Content starts

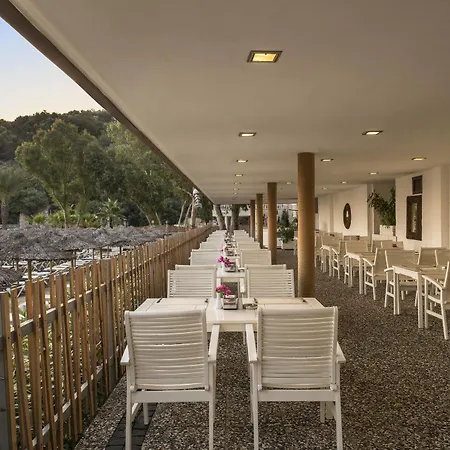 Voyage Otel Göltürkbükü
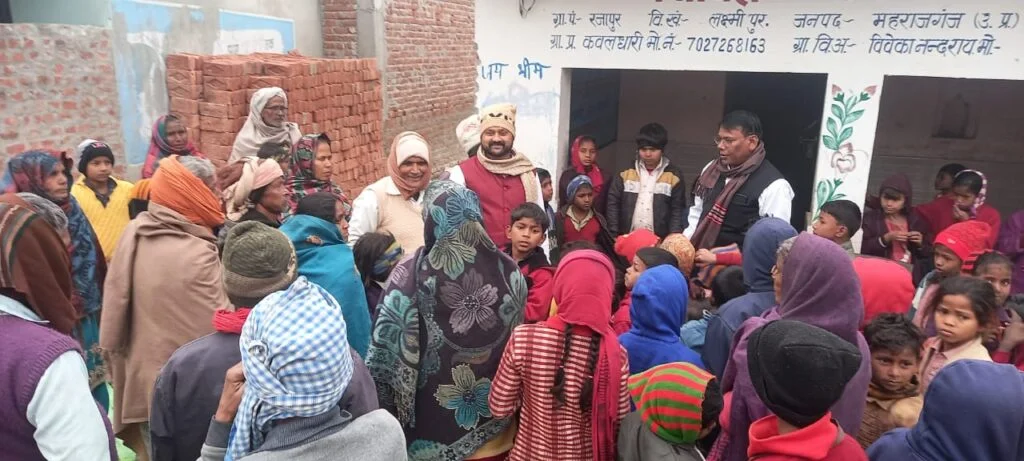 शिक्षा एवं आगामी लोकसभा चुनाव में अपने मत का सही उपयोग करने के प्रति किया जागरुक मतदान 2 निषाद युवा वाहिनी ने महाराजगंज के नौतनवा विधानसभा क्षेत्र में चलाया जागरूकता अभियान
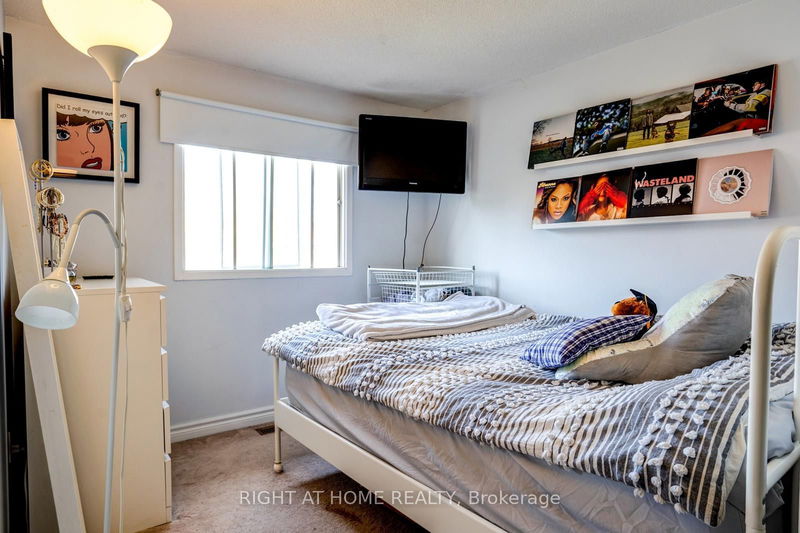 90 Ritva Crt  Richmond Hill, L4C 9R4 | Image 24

Content ends

TO DO: From the first line to the last, give the data again exactly, but without pictures.

SOLUTION TO THE PROBLEM:
 Voyage Otel Göltürkbükü
 शिक्षा एवं आगामी लोकसभा चुनाव में अपने मत का सही उपयोग करने के प्रति किया जागरुक मतदान 2 निषाद युवा वाहिनी ने महाराजगंज के नौतनवा विधानसभा क्षेत्र में चलाया जागरूकता अभियान
 90 Ritva Crt  Richmond Hill, L4C 9R4 | Image 24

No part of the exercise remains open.